Тонкс и Шеклболт вышли.
— Джона убила Медея Трего? — Димсдейл задал вопрос равнодушным тоном, но костяшки его переплетенных пальцев побелели.
— Не знаю. Не думаю. Зачем ей это? — Гарри потер глаза. — Я вам мешаю. Сегодня нам всем вообще следовало бы оставить вас в покое. Не обращайте на меня внимания. Я подожду Ремуса здесь. Минерва, у вас нет какого-нибудь журнала?
— Журнала? — растерянно переспросила Минерва.
— Ну да. Почитать.
— А, — Минерва улыбнулась. — Нет, мы выписываем только «Пророк». Вот книг полно.

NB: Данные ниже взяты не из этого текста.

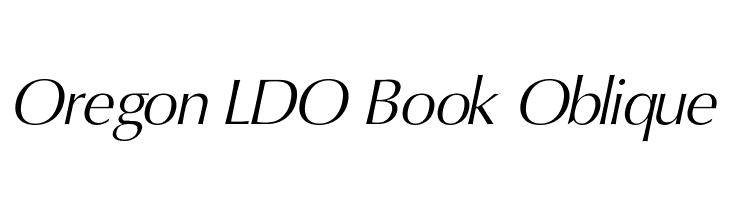 Oregon LDO Book Oblique Font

Библиотека дальше по коридору.
В библиотеке оказалось даже холоднее, чем в гостиной. Перед нерастопленным камином сидела Флер.
— Га’и? — тон ее был так же холоден, как и помещение, в котором они находились. — Что тебе нужно?
— Книга. Что еще мне может быть нужно в библиотеке? Как Билл?
— Се’дится, — коротко ответила Флер.
Гарри прошел вдоль полок, рассматривая названия на корешках. Флер настороженно следил за ним.
— Не хочешь сп’осить, не я ли убила Джона? — не выдержала она наконец.
— Изволь, — Гарри развернулся к ней. — Не вы ли убили Джона Димсдейла, миссис Уизли?
— Нет. Не я. Хотя твоя chere amie Чоу явно меня в этом подоз’евает. Недавно она копалась в моих вещах, — Флер встала, надменно тряхнула локонами. — Скажи ей, чтобы она этого не делала. Мне это неп’иятно.
— Хорошо, — Гарри вновь воззрился на полки.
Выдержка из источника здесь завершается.